Exercise:
The required output is the exact run of lines in the listing below from the line holding "Отвертка SL 5,0" through the line holding "нежность, Павел Фишар", with no pictures.

Materials provided:

>>>

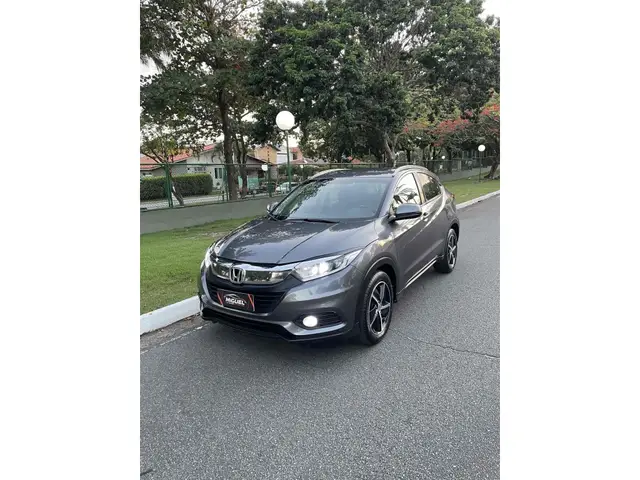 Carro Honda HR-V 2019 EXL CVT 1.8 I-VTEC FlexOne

<<<
>>>

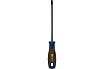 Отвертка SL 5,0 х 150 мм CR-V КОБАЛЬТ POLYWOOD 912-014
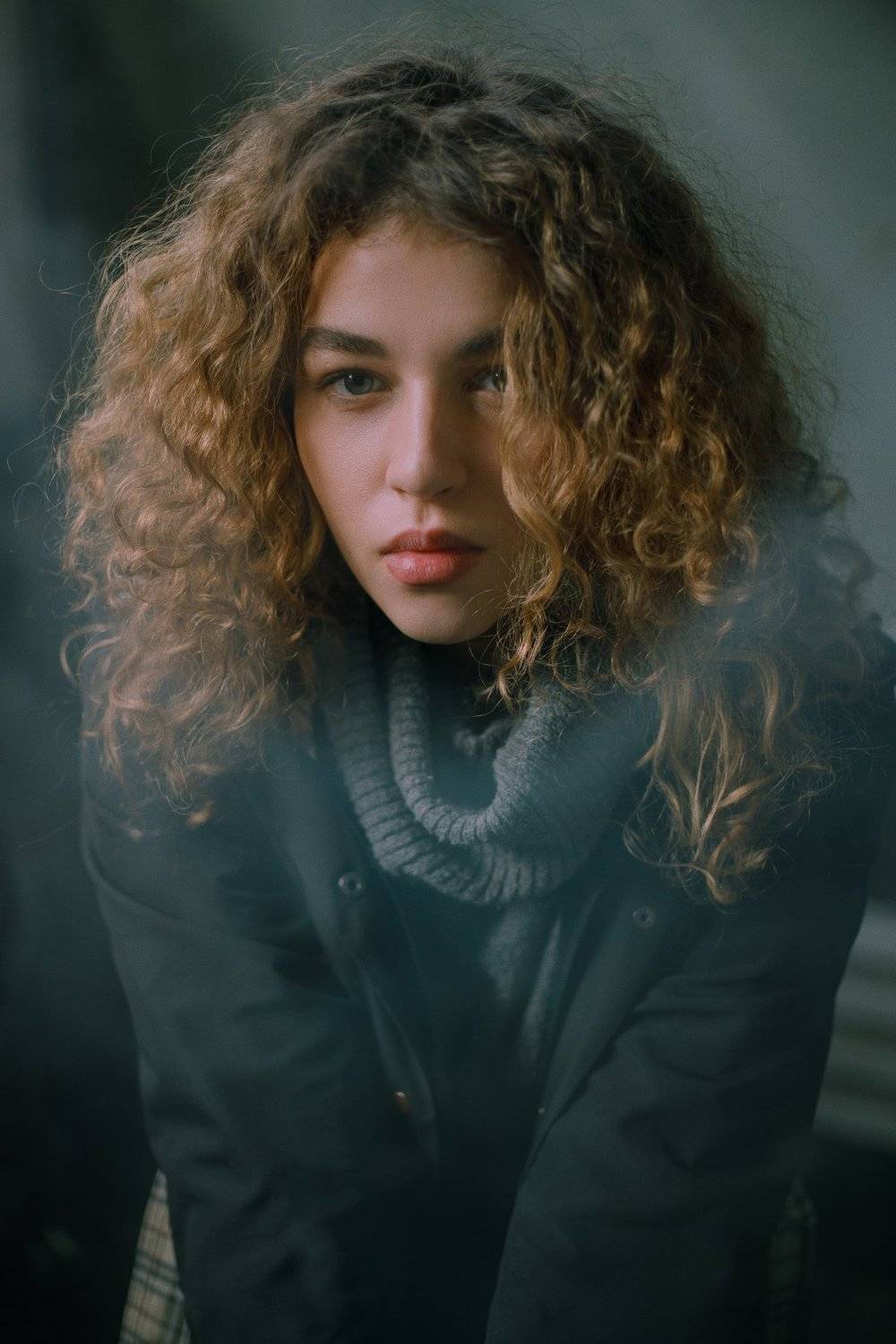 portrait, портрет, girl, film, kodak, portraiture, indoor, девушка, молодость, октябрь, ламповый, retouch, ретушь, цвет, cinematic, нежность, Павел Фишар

<<<

Response below:
 Отвертка SL 5,0 х 150 мм CR-V КОБАЛЬТ POLYWOOD 912-014
 portrait, портрет, girl, film, kodak, portraiture, indoor, девушка, молодость, октябрь, ламповый, retouch, ретушь, цвет, cinematic, нежность, Павел Фишар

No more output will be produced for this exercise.